The prosecution said that Swann received just over $15m in six years, while the board was paying him an annual salary of $145,000 in his role as head of IT.
The remaining $1.8m went to Harford.
All Swann told the truth about during two days in the witness box was his name, his boats and his cars, Crown counsel Robin Bates said in his summing up at the completion of evidence.
Contracts and invoices clearly showed the two men acted fraudulently and could not claim they believed they were entitled to do what they did, he said.
None of the invoices, said to be for risk mitigation insurance, mentioned any such arrangement.
They were for firmware and software upgrades and licences.

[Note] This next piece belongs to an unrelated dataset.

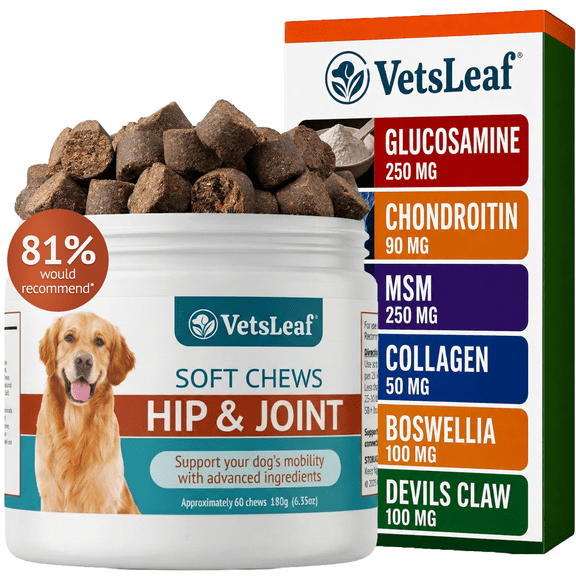 VetsLeaf Dog Hip and Joint Supplement Chews - Glucosamine, Chondroitin & MSM with Collagen, Boswellia & Devils Claw Formula - 6g per Chew - Made in USA - 60 Count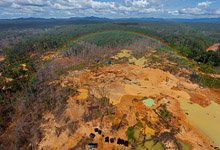 Venezuela, surroundings Angel Falls, Gold-field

But Swann's lawyer, John Haigh QC, said his client's abysmal business acumen did not make him a criminal.
For Harford, Greg King asked why, if the arrangement where Sonnford invoiced the board for computer-related services and passed 90 per cent to the Swann-controlled company Computer South was a sham, would Harford take only a 10 per cent.
It was "absurd" that a person would embark on a dishonest course of conduct to defraud $17 million and take only 10 per cent he said.
Justice Lyn Stevens will now sum up today before the jury retires to consider its verdicts.